United Airlines tossed a stink bomb our way last week. The company announced that it would not be making any more contributions to its pension funds while it was still under Chapter 11 bankruptcy protection. Taxpayers should be prepared to write another check.
United Airlines was once the largest air carrier in the United States – in fact, the world – and, to a certain extent, that is part of its problem. As deregulation exposed more of the airline industry’s faults, United’s enduring mix of internal management problems and chronic labor discontent increasingly found its way into the ticket counters and jetliner cabins where customer contact was made.
And because the airline was so huge, there were very few air travelers in the U.S. who didn’t encounter some sort of unpleasant experience with United Airlines. Whether it was a prison-trained cabin attendant, baggage handlers who could make things disappear with David Copperfield-like deftness, or an unscheduled Friday night bivouac at O’Hare, United provided thousands of travelers with something to remember – something that all the good experiences (and there were a lot of them, too) could not entirely erase.
The result was that there was no wellspring of public sympathy when United Airlines got into financial trouble. It seemed that the public was tired of the company’s endless inter-union and union-management squabbles, and was prepared to let the airline go under if it couldn’t compete. And there was little or no popular support for a federal government guarantee of the loan the air carrier said it needed to get back on its feet. United’s application for a guarantee was submitted, and turned down, three times – without attracting much notice in this busy world. Sad stories are often played out to small, uncaring audiences.
There are actually four separate pension funds involved, and United had missed making the required payments of $72.4 million to three of them in mid-July. Still, the announcement that there would be no more payments came as something as a shock – certainly to the Pension Benefit Guaranty Corporation, the government agency that would have to cough up at least $5 billion if United’s plans go belly up. Since the guarantee agency is in financial trouble itself, that would be $5 billion of our taxpayer money, of course, so we have a keen interest in the proceedings.

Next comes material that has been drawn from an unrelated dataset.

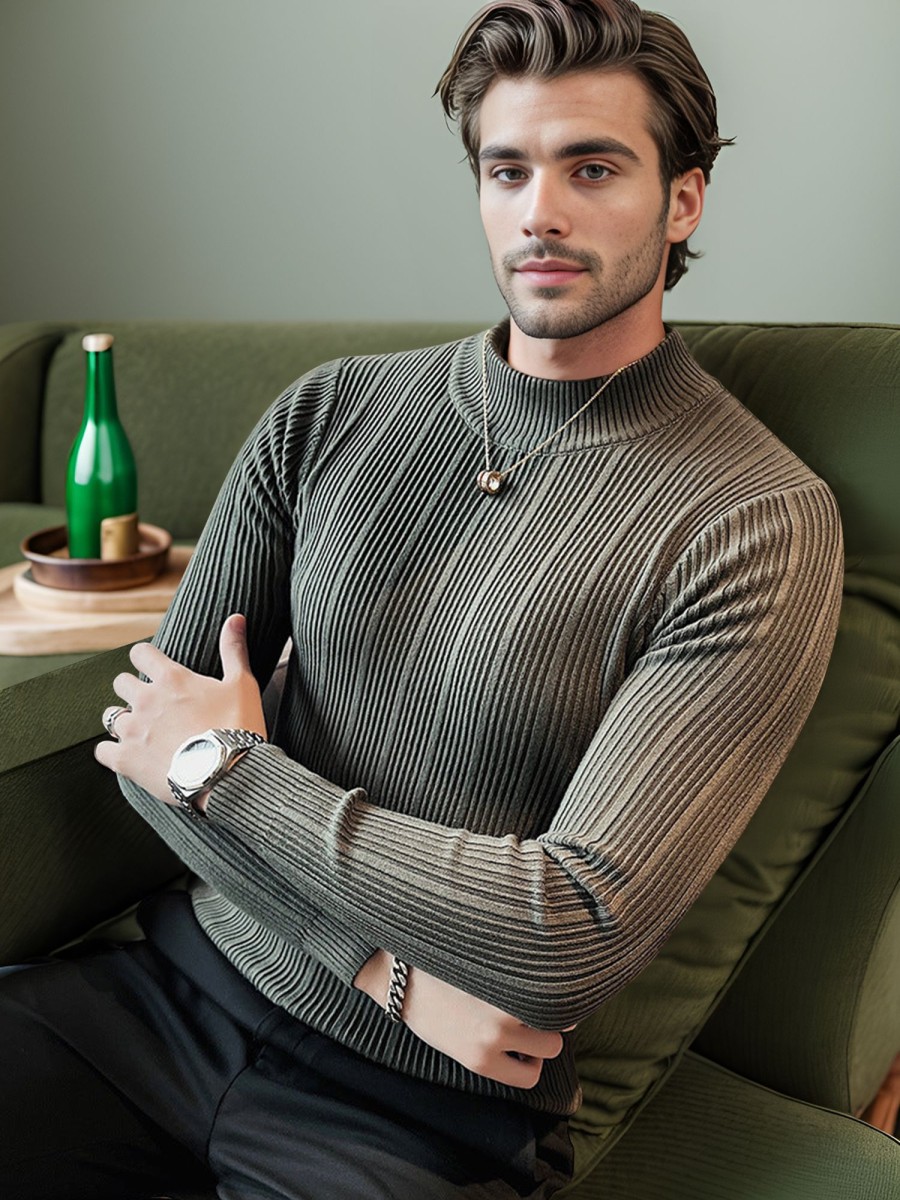 Men Ahaselected | Mock Neck Striped Stretch Sweater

The Pension Benefit Guaranty Corporation was set up as part of the ERISA (Employee Retirement Income Security Act) of 1974, and was intended to ensure that workers with defined benefit retirement plans actually got the money they were promised. Defined benefit plans are the ones that promise a specific dollar amount – usually in monthly installments – that will be paid out upon retirement.
Ironically, ERISA marked the decline of defined benefit plans and the emergence, and ultimate dominance, of the 401 (k) and its relatives – which do not specify any particular retirement income. Defined benefit plans were found mostly in the older, unionized, often decaying industries of the U.S. economy. So the Pension Benefit Guaranty Corporation for the most part found itself the curator of broken dreams – congressionally authorized to clean up the mess left by mismanaged corporations. The latest corporate filings show that defined benefit pensions in the United States are underfunded by $278 billion, so they have their work cut out for them.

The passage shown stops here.